O Utah seguiu um caminho diferente: no início deste ano, aprovou um programa experimental que permite que a IA emita, de forma autónoma, prescrições regulares no estado, sendo o primeiro programa do género anunciado pelo governador.

Divergências entre reguladores federais e estaduais no sector da saúde com IA nos EUA

Em teoria, o FDA deveria regular os chatbots médicos destinados a diagnosticar, tratar ou prevenir doenças, mas, até agora, não foram emitidas orientações claras para este tipo de ferramentas, nem foram observadas acções concretas de aplicação da lei. A actual isenção de software de apoio a decisões clínicas (CDS) só se aplica a funcionalidades utilizadas por profissionais de saúde, não se aplica a doentes nem ao público em geral. Isto significa que, se o chatbot exercer actos de prática de medicina definidos pela lei estadual, pode tratar-se de um dispositivo de software que exige aprovação do FDA. Vários estados já adoptaram, por iniciativa própria, legislação relacionada com IA, cobrindo proibições de uso de títulos de profissionais de saúde por parte de IA, restrições ao uso de chatbots de saúde mental e criação de requisitos de divulgação de informação, entre outros.

Perguntas frequentes

Como funciona o modelo de propriedade das personagens na Charms.ai?
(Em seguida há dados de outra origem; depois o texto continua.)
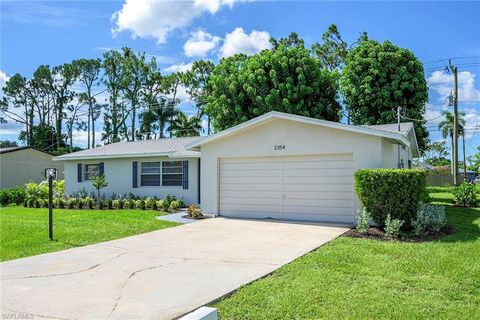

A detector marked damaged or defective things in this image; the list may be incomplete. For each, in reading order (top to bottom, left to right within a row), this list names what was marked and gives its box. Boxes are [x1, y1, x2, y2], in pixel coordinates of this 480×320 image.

driveway crack [1, 250, 128, 280]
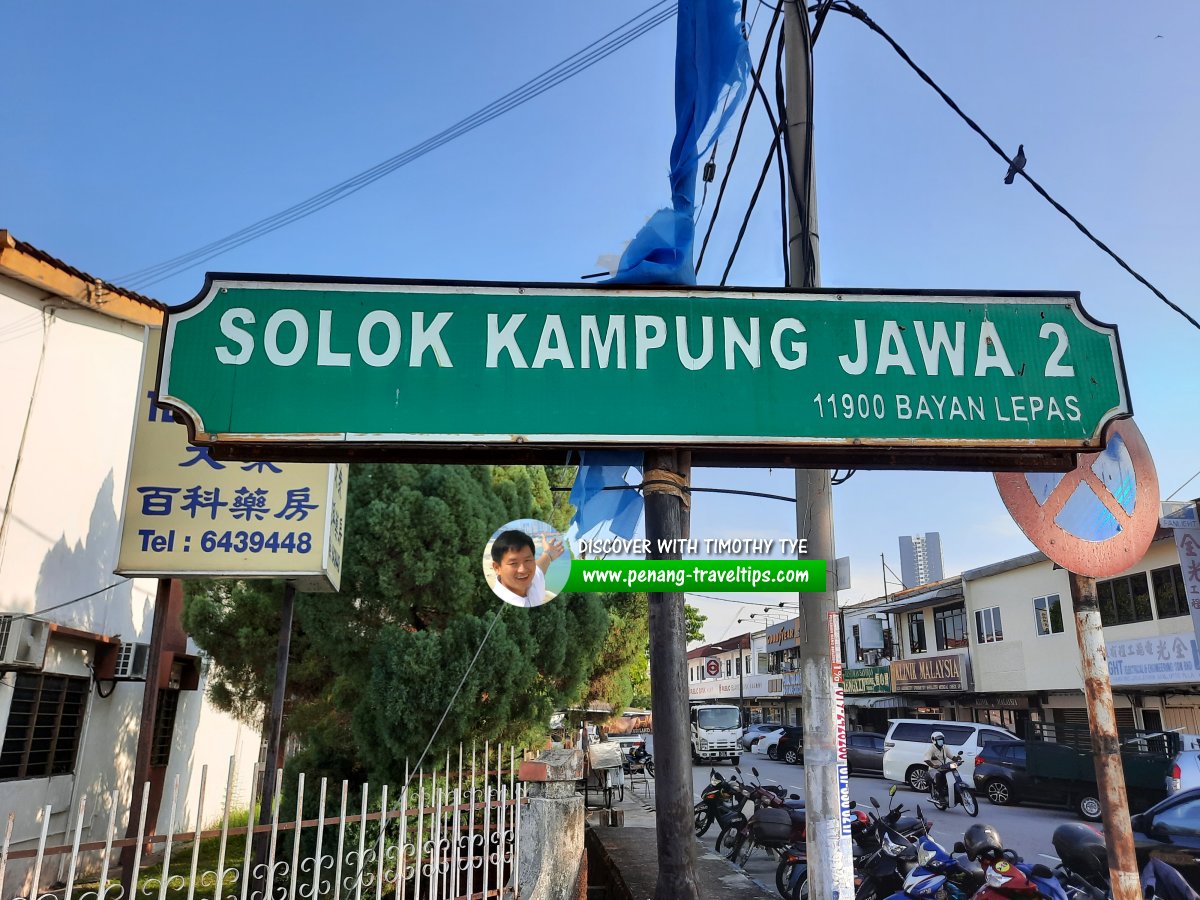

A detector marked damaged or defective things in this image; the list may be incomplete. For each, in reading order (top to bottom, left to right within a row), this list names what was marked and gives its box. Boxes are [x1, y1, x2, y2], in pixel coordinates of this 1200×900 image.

rusty pole [1072, 572, 1144, 896]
De acordo com o anúncio da Charms, as personagens publicadas na plataforma mantêm a propriedade por parte dos criadores. Quando as personagens geram actividade económica, as taxas são repartidas proporcionalmente entre o criador, a plataforma Charms, os promotores e o cofre de manutenção da própria personagem (utilizado para pagar custos de computação de IA). Isto contrasta directamente com as plataformas existentes, nas quais, após a personagem ganhar popularidade, os rendimentos ficam principalmente com a plataforma.

Qual é a implicação estratégica do investimento da Coinbase Ventures na Charms?

A Coinbase Ventures participou nesta ronda através do Base Ecosystem Fund; a Base é uma rede Ethereum Layer 2 lançada pela Coinbase. A propriedade das personagens de IA e os mecanismos de distribuição económica da Charms.ai têm, na arquitectura técnica, potencial de sinergia com os modelos de propriedade verificável do Web3 e a distribuição via contratos inteligentes.

Que impacto mais amplo tem a acusação da Pensilvânia à Character.ai para a indústria de IA?

Este caso é a primeira acção judicial estadual nos EUA por prática ilegal de medicina contra uma plataforma de IA. Como o FDA ainda não publicou orientações claras de aplicação da lei para a IA em saúde, os estados estão a preencher, por conta própria, as lacunas de regulação, criando um panorama de supervisão que muda rapidamente e se encontra fragmentado, o que gera incerteza jurídica para programadores de plataformas de IA e prestadores de serviços.